And so far still no news. Damn. I actually didn't think this was possible.

Still nothing? Wow, that does seem impossible to me.

So far this is all eerily similar to Air France flight 447, where it also took a day or two for anyone to find evidence of the crash. Here's hoping that this has a happier outcome, though at this point it seems pretty unlikely :/

The Guardian has a good live blog providing updates. Oil slicks consistent with a plane crash may have been found in the water.

What is so mystifying is how catastrophic the communications failure was. All electronics failed seemingly instantaneously? And unlike Air France 447, they were flying in good weather. I flew that route once and my wife did countless times.

Chairman_Mao wrote:

What is so mystifying is how catastrophic the communications failure was. All electronics failed seemingly instantaneously?

I can easily guess at a number of failure modes that could cause a sudden loss like that. True, there's going to be multiple redundant systems that should preclude common-mode failures that take them all out, but even the best engineered system has vulnerabilities, and even a fully independant redundant system is susceptible to the long-shot of co-incidental failures striking simultaneously.

Terrorism aside, my first guess would be catastrophic structural failure, or an uncontained loss of a fan blade i.e. the engine sheds a fan blade, which exits the nacelle and strikes either the fuselage or the wing, which can rupture fuel tanks (with the obvious explosion risk) or sever electrical or hydraulic lines.

Yeah, as someone who flies a lot I know it's not that dangerous but stuff like this... yeesh.

At first this didn't really pay much attention to this, but now it's starting to become really scary.

It's pretty crazy in this day and age how little detail we have.

I wonder if this a test of new bombs? Al Quaeda has used SE Asia as a testbed before, and one of their goals was to put planes down in deep water to increase the terror and confusion. The stolen passports worry me.

Such a sad event.

alexjg42 wrote:

At first this didn't really pay much attention to this, but now it's starting to become really scary.

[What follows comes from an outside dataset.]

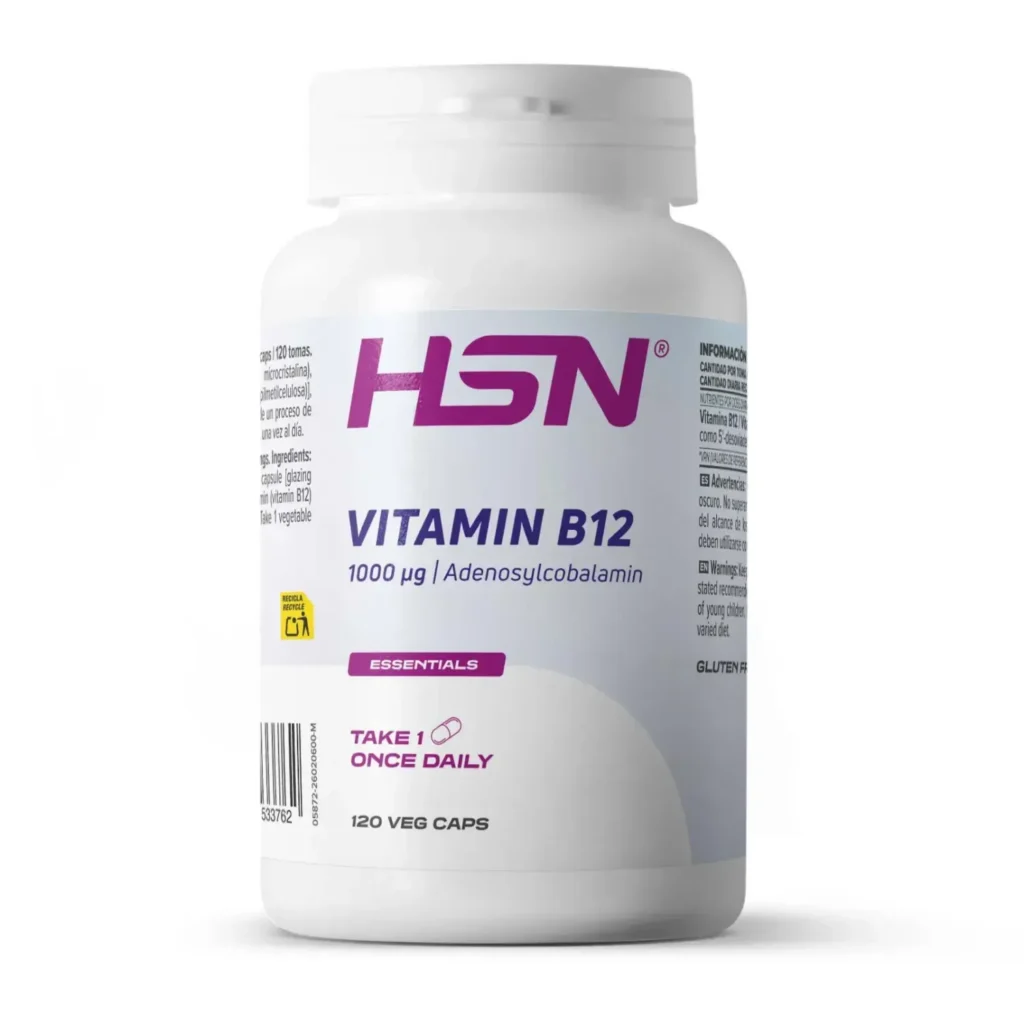 Vitamina B12 (adenosilcobalamina) 1000mcg - 120 veg caps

For what it's worth, remember that literally tens of thousands of flights have happened since you first heard about this, and nobody's talking about those. The media prospers via eyeballs, and they get eyeballs by making things that are far away, and completely disconnected from your life, seem real, pressing, and dangerous. You see this with every tragedy: they try to make it personal, like it happened next door, and I think we really do internalize these terrible things as being something that happened to people we know, not to strangers halfway around the world.

Further, we fear plane crashes more than many forms of disaster, because there's nothing we can do; all we can do is sit there and hope the pilot figures it out. This makes it seem even scarier, though of course pilots get a huge amount of training, and are typically very, VERY good. If I start to get worried on a plane, I remind myself of that... the guy or gal up in the cockpit is truly an expert, far better than I ever could be, and they want to get home safe, too.

We're in a very great deal more danger driving to and from the airport than we are in the air. But we have the illusion of control there, so we're not as scared as we should be, especially considering our relative lack of skill. We should be worried in the car, not in the air, but nearly all of us get it exactly backward.

Still hard to say if this means anything, but the tickets purchased by those holding the stolen passports appear to have been purchased together. Some unconfirmed reports of a third stolen passport as well.

Malor wrote:
alexjg42 wrote:

At first this didn't really pay much attention to this, but now it's starting to become really scary.

For what it's worth, remember that literally tens of thousands of flights have happened since you first heard about this, and nobody's talking about those. The media prospers via eyeballs, and they get eyeballs by making things that are far away, and completely disconnected from your life, seem real, pressing, and dangerous. You see this with every tragedy: they try to make it personal, like it happened next door, and I think we really do internalize these terrible things as being something that happened to people we know, not to strangers halfway around the world.

Further, we fear plane crashes more than many forms of disaster, because there's nothing we can do; all we can do is sit there and hope the pilot figures it out. This makes it seem even scarier, though of course pilots get a huge amount of training, and are typically very, VERY good. If I start to get worried on a plane, I remind myself of that... the guy or gal up in the cockpit is truly an expert, far better than I ever could be, and they want to get home safe, too.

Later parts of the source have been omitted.